There – warned. But that doesn’t mean that it won’t be fun. Well, the bits about the actual parties will be fun – hopefully evoking some happy memories in our (currently) drab lives. So let’s get on with it..


So, the first of the Northern Quarter Parties that I’m referring to, and the ones that you’re most likely to remember, began all the way back in 2011.

It was a rather odd time for me, I had just got back from a massive trip to South America and Japan, and I returned home to my mother’s house in a semi- emaciated state after sleeping on the streets of Osaka for a few days because I’d run out of money.

When I got back though, I was surprised to learn that the whole country was abuzz with one certain event – the marriage of Will & Kate – the future King & Queen of the British Empire.

Every supermarket advert and middle-class cul-de-sac had planned a massive street party to celebrate the day – watching the ceremony on the telly and then retiring to a huge table out on the street and getting hammered on gin, cucumber sandwiches and Will’s favourite crisps; Space Raiders.

The bars and venues of the Northern Quarter were also organising a street party, but as people elsewhere celebrated the wedding, they’ll be celebrating the NQ. It still featured a huge table snaking down the length of Edge Street though, as well as loads of stalls down the length of Thomas Street selling booze and food.

I wasn’t there though – I was sat at home drinking gin with my mum because she’d broken her leg – but I was at the next Northern Quarter Street Party – held just a couple of months later in September.

This second Street Party was massive, with around 10,000 people turning up over the course of two days, a massive list of DJs playing and all of the bars and restaurants in the area getting involved.

The whole event was hosted in reaction to the 2011 Summer Riots (remember them!?) – taking place just 2 weeks after people went apeshit in the city centre – as a show of solidarity for the city, as well as a chance to raise some money for the clean-up.

I remember it being a LOT of fun, super busy and it managed to maintain a rather intimate feel, even with so many people dotted about.

There was a real sense of community at this one – something that was most likely brought about with the riots that had taken place not just in Manchester but all over the UK.

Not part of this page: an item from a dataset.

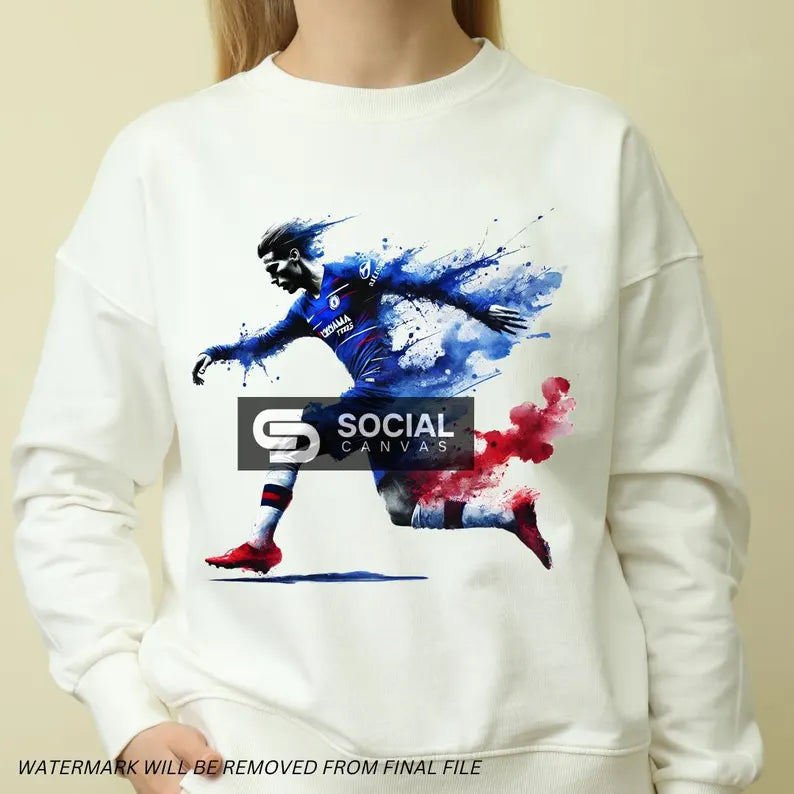 4 Original English Soccer League Watercolor Footballer Digital Art | Printable Commercial Use Design | Sports Print on Demand File - Social Canvas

With local bands and DJs on over three stages, Council spokesman Pat Karney spoke about the event afterwards “It was a great weekend. It had all the atmosphere of a mini-Glastonbury. There were 10,000 people there and they showed, unlike the disgraceful looters, that they love their city.

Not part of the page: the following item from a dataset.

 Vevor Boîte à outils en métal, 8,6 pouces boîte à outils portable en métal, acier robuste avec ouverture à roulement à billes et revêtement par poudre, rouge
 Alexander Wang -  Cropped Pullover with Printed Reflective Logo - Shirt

The next NQ Street Party managed to re-align itself perfectly with a sense of pride and patriotism, much like the first one on Will & Kate’s Wedding.

June 2012 was the Queen’s Jubilee and that gave the businesses of the Northern Quarter a reason to host another – taking over Thomas Street, Edge Street, High Street and even Stevenson Square – expanding its reach and increasing its attendance.

There was afternoon tea, bingo, discos, live performances, and LOTS of food and booze.

And once again it had been a massive success, tapping into a sense of pride in the Queen’s celebration that ensured that there were plenty of visitors, and that there was zero trouble. Again, a nice intimate, community feel was attained – regardless off the increased numbers that attended.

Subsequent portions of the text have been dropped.